Listen to the Image
This work addresses the challenge of efficiently improving visual perception aids for blind individuals, though it appears incremental as it focuses on evaluation methods rather than new sensory substitution paradigms.
The paper tackles the problem of evaluating visual-to-auditory sensory substitution devices for the blind by proposing machine models to assess encoding schemes instead of relying solely on human-based experiments. The results show high consistency between machine-based and human-based evaluations, indicating feasibility for accelerating optimization and reducing costs.

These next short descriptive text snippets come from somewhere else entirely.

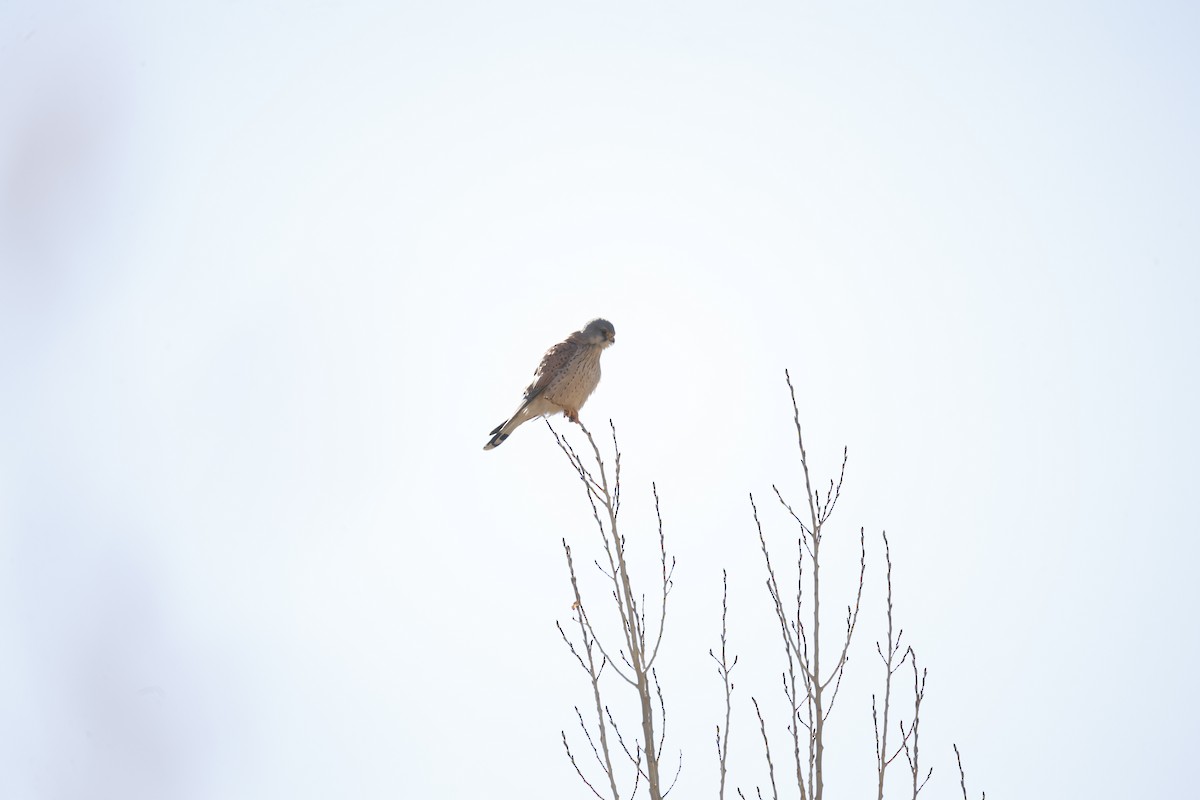 Eurasian Kestrel - ML613264538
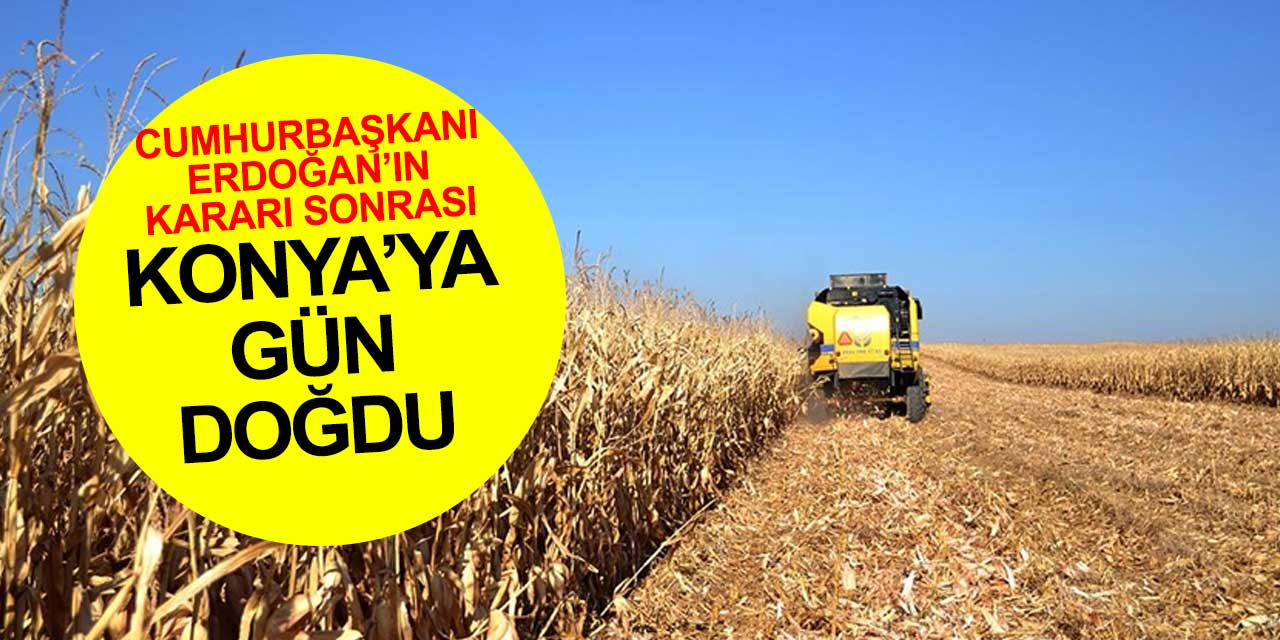 Bol yağış alan Konya'ya gün doğdu! Cumhurbaşkanı Erdoğan'ın talimatı ovaya can suyu katacak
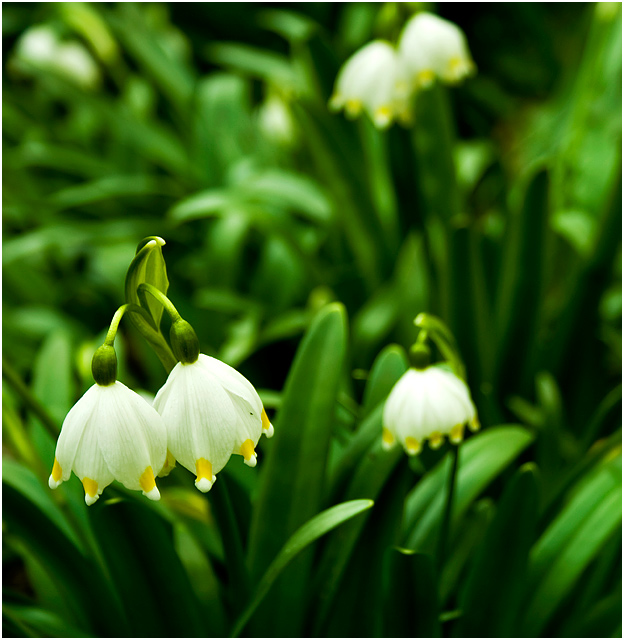Leucojum vernum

Visual-to-auditory sensory substitution devices can assist the blind in sensing the visual environment by translating the visual information into a sound pattern. To improve the translation quality, the task performances of the blind are usually employed to evaluate different encoding schemes. In contrast to the toilsome human-based assessment, we argue that machine model can be also developed for evaluation, and more efficient. To this end, we firstly propose two distinct cross-modal perception model w.r.t. the late-blind and congenitally-blind cases, which aim to generate concrete visual contents based on the translated sound. To validate the functionality of proposed models, two novel optimization strategies w.r.t. the primary encoding scheme are presented. Further, we conduct sets of human-based experiments to evaluate and compare them with the conducted machine-based assessments in the cross-modal generation task. Their highly consistent results w.r.t. different encoding schemes indicate that using machine model to accelerate optimization evaluation and reduce experimental cost is feasible to some extent, which could dramatically promote the upgrading of encoding scheme then help the blind to improve their visual perception ability.